Discovery of small-molecule inhibitors to target histone-modifying enzymes or ‘readers’ has become an area of intensive investigation and holds great promise for new therapies. In this research direction, we have worked closely with medicinal chemists at UNC (Drs. Jian Jin and Stephen Frye) who developed the first orally bioavailable, highly potent and selective inhibitor (termed as UNC1999) for EZH2 and related EZH1 enzymes (Fig 4); further, we have shown UNC1999’s cancer-suppressive effects in vitro and in animal models of acute leukemias (ACS Chem biol 2013; Blood 2015).

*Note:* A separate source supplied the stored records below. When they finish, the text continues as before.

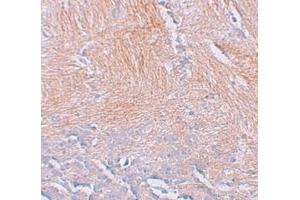 Immunohistochemistry (IHC) image for anti-CXXC Finger Protein 5 (CXXC5) (N-Term) antibody (ABIN1031339) (CXXC5 Antikörper  (N-Term))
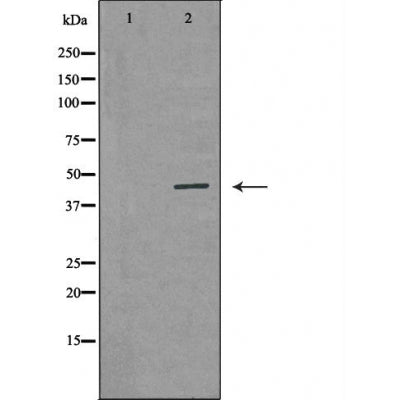 DF6066 at 1/100 staining Mouse colon tissue by IHC-P. The sample was formaldehyde fixed and a heat mediated antigen retrieval step in citrate buffer was performed. The sample was then blocked and incubated with the antibody for 1.5 hours at 22¡ãC. An HRP conjugated goat anti-rabbit antibody was used as the secondary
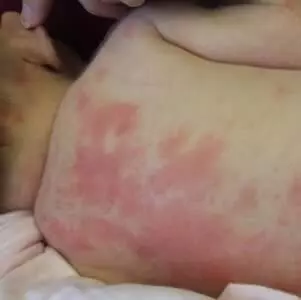 эритема у новорожденного на спине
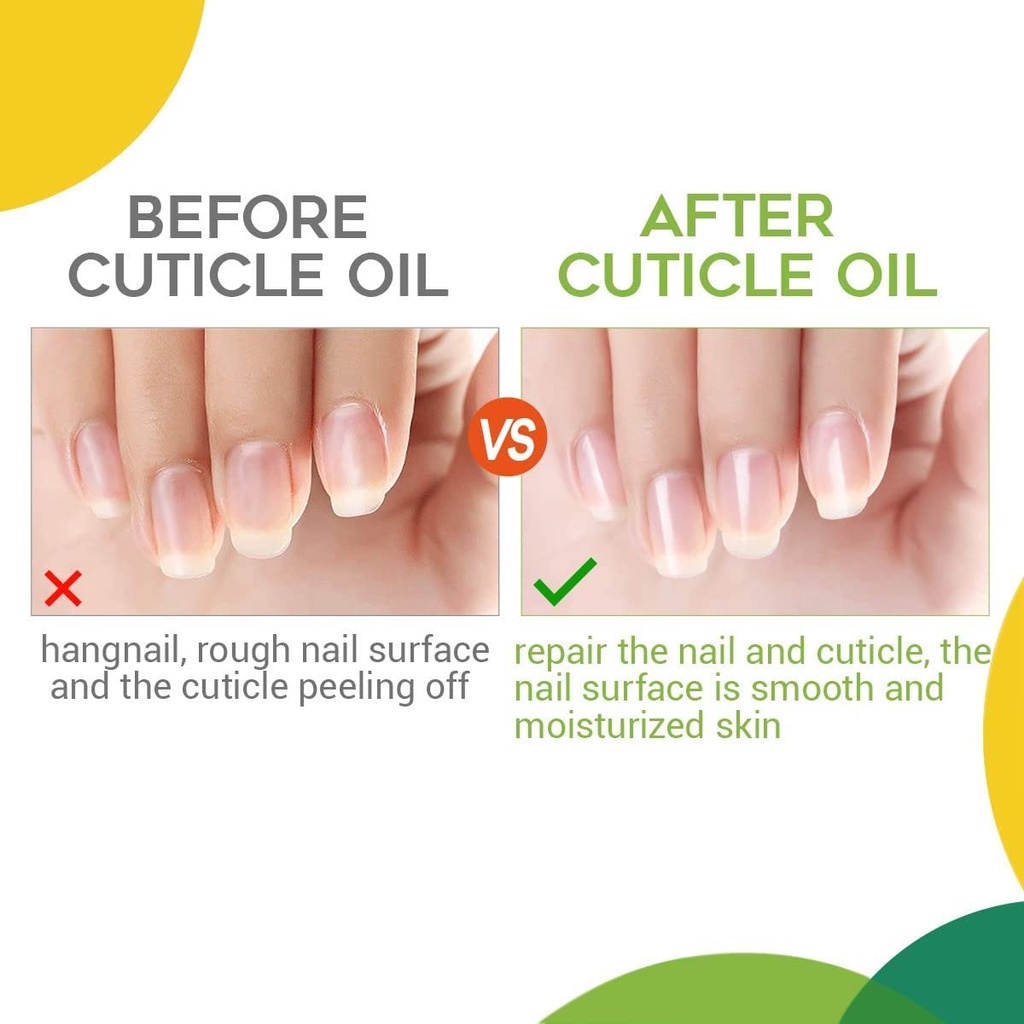 Dầu vitamin E Modelones chăm sóc móng 15ml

Fig 4. Docking of UNC1999 on EZH2
In addition, we investigated into aberrant androgen receptor (AR) signaling, which contributes to therapy resistance seen in patients with castration-resistant prostate cancer, the most common tumor in men; here we not only identified a new cofactor ZFX-related control of AR signaling but, importantly, showed BRD4 inhibitors to be effective in suppressing aberrant AR/ZFX signaling in prostate tumor (Fig 5; Mol Cell 2018).
Fig 5. ZFX Mediates Non-canonical Oncogenic Functions of the Androgen Receptor Splice Variant 7 in Castrate-Resistant Prostate Cancer
Our goal is to yield drug candidates with preclinical cancer models we have established in the research laboratories, which shall pave the way for translating the novel therapeutic approach in the clinic (with assistance of clinical trial specialists for these future directions).